[EXERCISE DATA — start]

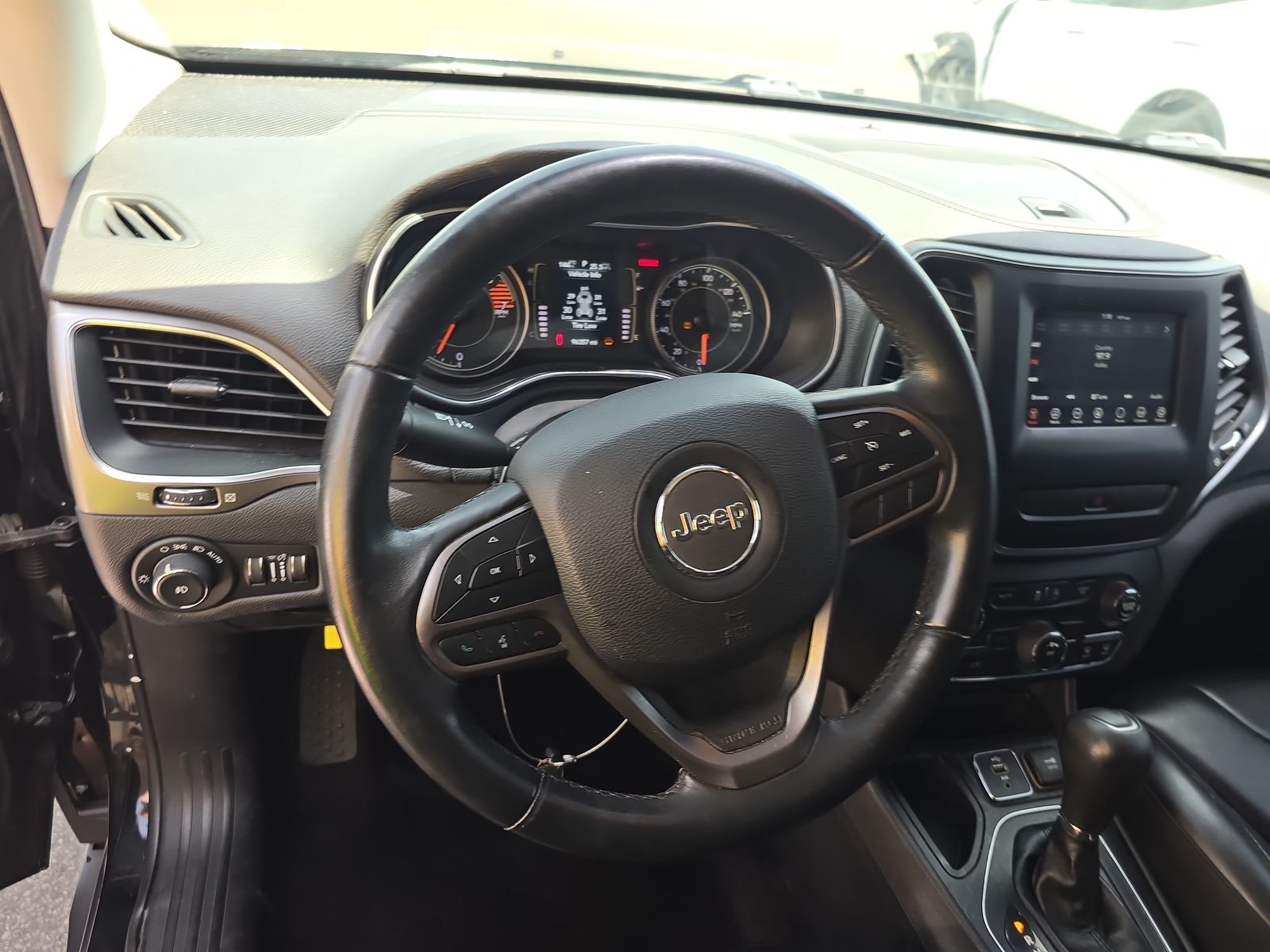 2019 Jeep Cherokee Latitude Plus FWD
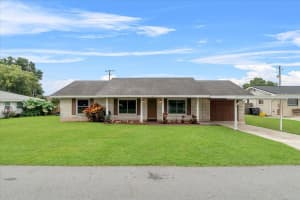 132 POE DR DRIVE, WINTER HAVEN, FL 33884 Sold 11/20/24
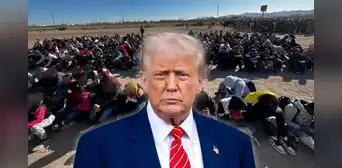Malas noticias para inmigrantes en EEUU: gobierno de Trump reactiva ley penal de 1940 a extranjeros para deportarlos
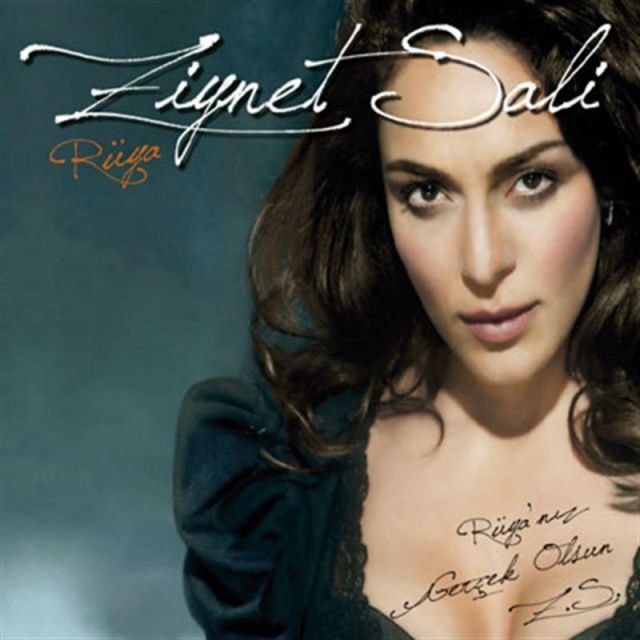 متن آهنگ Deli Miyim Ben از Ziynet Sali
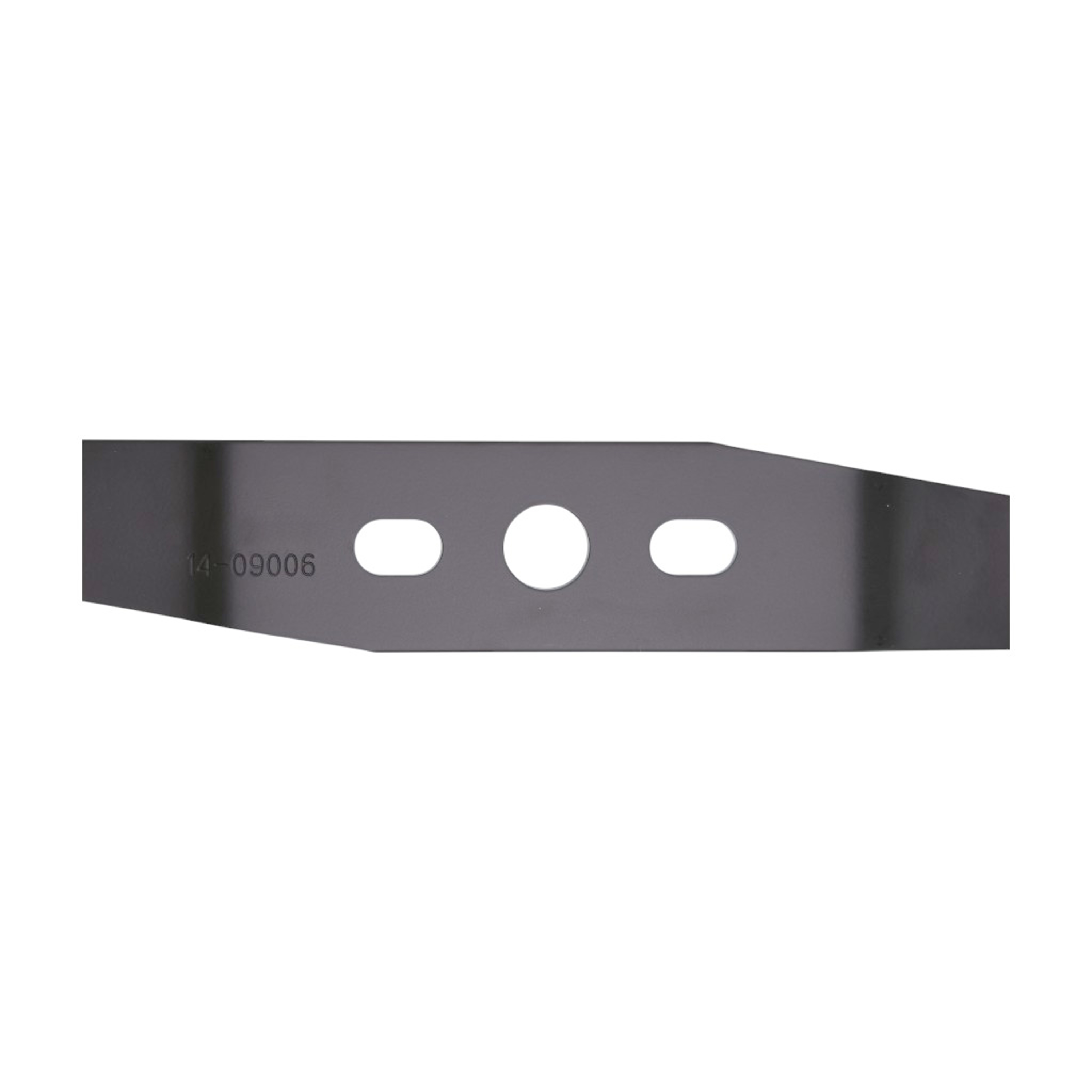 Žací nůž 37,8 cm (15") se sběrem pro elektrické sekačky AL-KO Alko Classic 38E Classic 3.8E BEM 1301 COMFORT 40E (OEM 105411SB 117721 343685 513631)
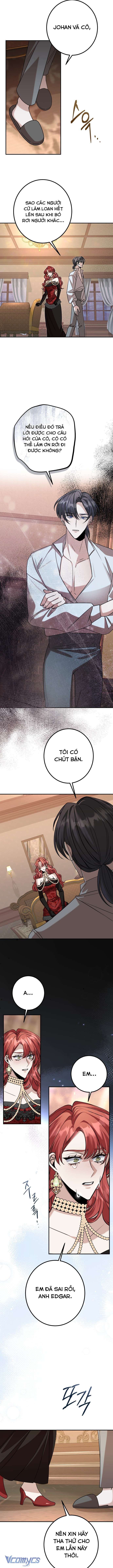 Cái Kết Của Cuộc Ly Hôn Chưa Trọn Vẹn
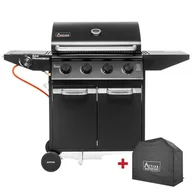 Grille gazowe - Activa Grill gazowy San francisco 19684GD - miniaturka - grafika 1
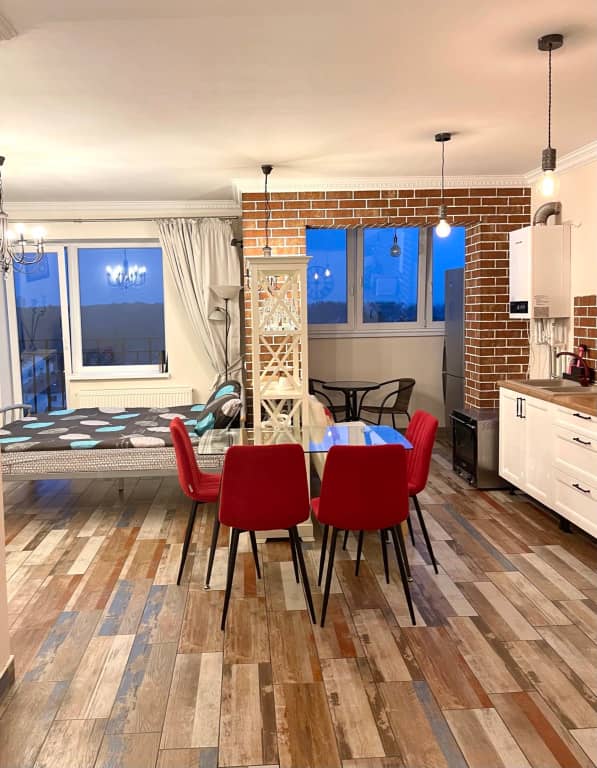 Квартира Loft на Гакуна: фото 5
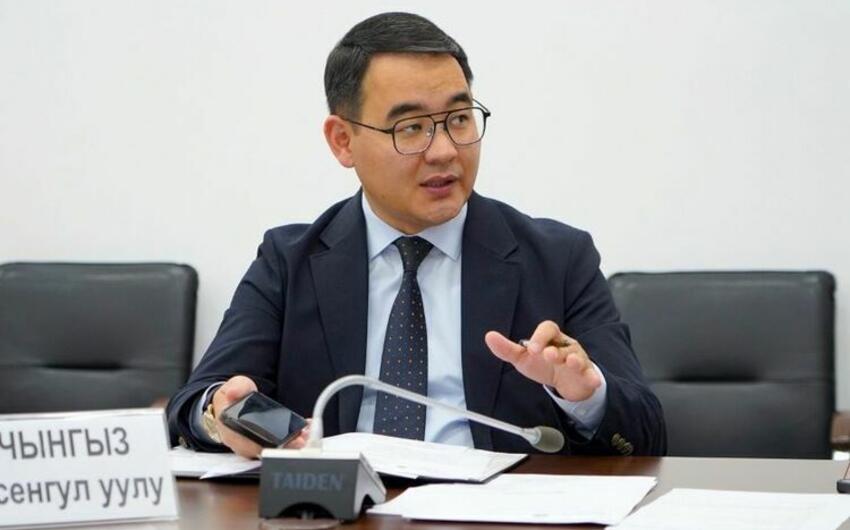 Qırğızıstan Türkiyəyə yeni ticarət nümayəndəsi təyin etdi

[EXERCISE DATA — finish]

Without the pictures, write out the lines from the beginning of the entries through the line with "Cái Kết Của Cuộc Ly Hôn Chưa Trọn Vẹn".

RESULT OF THIS EXERCISE:
 2019 Jeep Cherokee Latitude Plus FWD
 132 POE DR DRIVE, WINTER HAVEN, FL 33884 Sold 11/20/24
Malas noticias para inmigrantes en EEUU: gobierno de Trump reactiva ley penal de 1940 a extranjeros para deportarlos
 متن آهنگ Deli Miyim Ben از Ziynet Sali
 Žací nůž 37,8 cm (15") se sběrem pro elektrické sekačky AL-KO Alko Classic 38E Classic 3.8E BEM 1301 COMFORT 40E (OEM 105411SB 117721 343685 513631)
 Cái Kết Của Cuộc Ly Hôn Chưa Trọn Vẹn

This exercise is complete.